Il sied de relire la pièce à la lueur des renseignements biographiques recueillis sur Mlle de Coigny. Certes, le poète, comme son génie s’y plaisait, a généralisé et sublimé la belle image ; une jeune femme en péril lui a rappelé l’agonie injuste de la jeunesse. Il a posé, moins durement, mais avec force, la question de Lucrèce : Quare mors immatura vagatur ? L’âme de sa composition semble condensée dans une demi-strophe aussi impersonnelle qu’il est possible de le souhaiter :

Brillante sur ma tige et l’honneur du jardin
Je n’ai vu luire encore que les feux du matin,
                  Je veux achever ma journée.

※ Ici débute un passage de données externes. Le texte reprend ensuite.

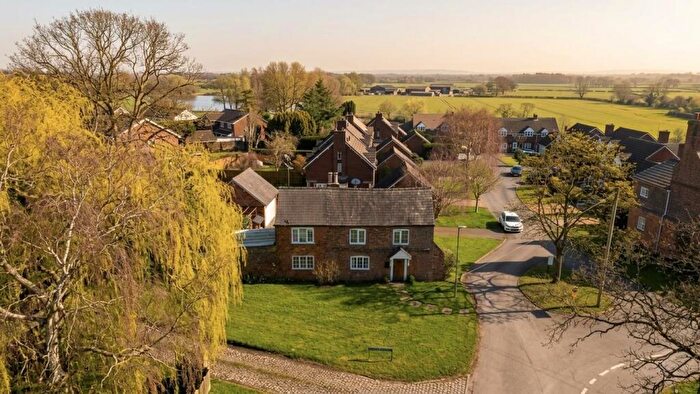3 Bedroom Detached House For Sale In Townfield Lane, Mollington, Chester, CH1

Malgré tout, et quelque élévation qu’ait gagné la pensée, les traits particuliers de Mlle de Coigny ne se sont pas tous évanouis du poème. On peut bien supposer qu’elle s’écria presque mot pour mot :

Qu’un stoïque aux yeux secs vole embrasser la mort.

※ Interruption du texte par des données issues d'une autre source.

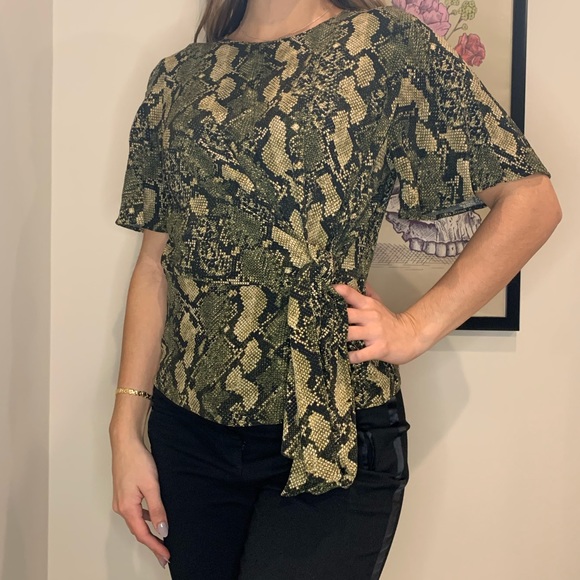 H&M Top - Picture 2 of 7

Aimée de Goigny était philosophe. Si elle avait suivi Aristippe plus que Zénon, sa délicate volupté donnait et recevait d’autres biens que ceux du vulgaire, quoiqu’elle y fût parfaite aussi. « Tant de beauté qu’on lui eût permis d’être sotte, et tant d’esprit qu’on lui eût pardonné d’être laide ! » Ainsi parle M. Lamy. « La grâce », dit Chénier de son côté,

La grâce décorait son front et ses discours.